____ DATA EXTRACT

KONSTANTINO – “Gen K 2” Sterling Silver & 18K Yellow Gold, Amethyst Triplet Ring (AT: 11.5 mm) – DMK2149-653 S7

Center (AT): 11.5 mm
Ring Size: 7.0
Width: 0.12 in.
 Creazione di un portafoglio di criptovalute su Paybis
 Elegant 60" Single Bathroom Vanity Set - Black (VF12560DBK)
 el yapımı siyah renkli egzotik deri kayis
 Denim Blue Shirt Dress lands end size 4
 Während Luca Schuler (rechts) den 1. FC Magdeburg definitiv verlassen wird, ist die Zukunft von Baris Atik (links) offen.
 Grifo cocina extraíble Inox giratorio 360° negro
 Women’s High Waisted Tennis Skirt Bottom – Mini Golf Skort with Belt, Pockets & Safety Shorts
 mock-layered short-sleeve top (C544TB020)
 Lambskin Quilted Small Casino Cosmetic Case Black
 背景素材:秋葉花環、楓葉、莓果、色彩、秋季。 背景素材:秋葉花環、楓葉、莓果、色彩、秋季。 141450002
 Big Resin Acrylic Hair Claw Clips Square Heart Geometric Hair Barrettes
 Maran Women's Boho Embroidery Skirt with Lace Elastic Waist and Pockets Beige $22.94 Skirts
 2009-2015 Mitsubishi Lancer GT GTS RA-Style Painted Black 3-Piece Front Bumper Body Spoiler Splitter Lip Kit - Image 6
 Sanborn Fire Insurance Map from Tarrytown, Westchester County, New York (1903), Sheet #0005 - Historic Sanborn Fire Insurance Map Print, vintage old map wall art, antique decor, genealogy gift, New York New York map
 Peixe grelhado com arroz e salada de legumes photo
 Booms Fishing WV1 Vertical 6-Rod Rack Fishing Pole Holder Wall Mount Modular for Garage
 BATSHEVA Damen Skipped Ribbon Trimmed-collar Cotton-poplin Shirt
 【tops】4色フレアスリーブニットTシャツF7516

________

| ACTIVITY |
Give back, word for word, only the lines above from the line holding "Lambskin Quilted Small" to the line holding "2009-2015 Mitsubishi Lancer", both included.

| SOLUTION TO THE PROBLEM |
 Lambskin Quilted Small Casino Cosmetic Case Black
 背景素材:秋葉花環、楓葉、莓果、色彩、秋季。 背景素材:秋葉花環、楓葉、莓果、色彩、秋季。 141450002
 Big Resin Acrylic Hair Claw Clips Square Heart Geometric Hair Barrettes
 Maran Women's Boho Embroidery Skirt with Lace Elastic Waist and Pockets Beige $22.94 Skirts
 2009-2015 Mitsubishi Lancer GT GTS RA-Style Painted Black 3-Piece Front Bumper Body Spoiler Splitter Lip Kit - Image 6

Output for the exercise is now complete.